Jason Deleeuw for Robert Napoli - Piper Jaffray
Hello this is Jason Deleeuw talking in for Bob. You guys spoke about with Visa and MasterCard making a push into debit in Canada, you talked about the opportunities there. Do you see those as more of a potential pricing benefit or volume benefits?
Paul Garcia
I think it’s a pricing benefit primarily. It’s a huge debit market today. It’s probably the largest, maybe Iceland has just taken over the number one spot, but Canada is a huge debit market. It clearly was an early adopter, and it’s very penetrated. I think that this would be someone using a different brand for other reasons, and there’ll be some pricing opportunities.
James Kelly
At the point of sale, we generally control all credit and debit. Ten years ago, they had split market between Visa and MasterCard acquirers. That’s long since gone, so if there is a different card type that becomes available in the market or different structure under Visa or MasterCard, it would be likely that we would just take that additional volume up and then it would be priced appropriately.
Paul Garcia
I believe it’s in the consumer’s interest, and that’s why this could be an interesting argument to watch. The consumer clearly is benefited by allowing those brands into Canada, because today they’re disadvantaged. Interac brand does not have universal acceptability the way Visa and MasterCard brands do, and a Canadian citizen if that’s their only choice, they are at a disadvantage so interesting stuff.
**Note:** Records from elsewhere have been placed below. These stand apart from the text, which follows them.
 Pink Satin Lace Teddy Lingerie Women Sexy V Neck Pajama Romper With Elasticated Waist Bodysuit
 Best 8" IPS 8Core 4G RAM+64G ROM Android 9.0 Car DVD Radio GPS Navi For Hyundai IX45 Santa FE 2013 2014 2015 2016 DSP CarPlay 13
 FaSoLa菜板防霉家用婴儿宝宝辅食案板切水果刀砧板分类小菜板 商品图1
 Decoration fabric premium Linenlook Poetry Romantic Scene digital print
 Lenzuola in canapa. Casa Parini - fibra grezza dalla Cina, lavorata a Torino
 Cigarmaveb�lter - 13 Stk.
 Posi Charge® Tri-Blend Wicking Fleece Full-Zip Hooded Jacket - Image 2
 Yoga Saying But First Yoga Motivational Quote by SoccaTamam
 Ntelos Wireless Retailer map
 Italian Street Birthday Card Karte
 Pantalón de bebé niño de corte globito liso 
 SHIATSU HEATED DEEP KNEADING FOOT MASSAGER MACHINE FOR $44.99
Jason Deleeuw for Robert Napoli - Piper Jaffray
All right, thank you very much.
Paul Garcia
You’re welcome. And ladies and gentlemen thank you so much for joining us on the call today, and we appreciate your support of Global Payments.
Operator
Thank you. Ladies and gentlemen this conference will be available for replay starting today at 8:00 p.m. Eastern Time and ending at 8:00 p.m. Eastern Time on August 5th 2009. If you wish to listen to the replay please dial 1-888-203-1112 or International participants may dial 1-719-457-0820 and enter the pass code 6591045. This concludes our conference for today. Thank you for your participation. You may now disconnect.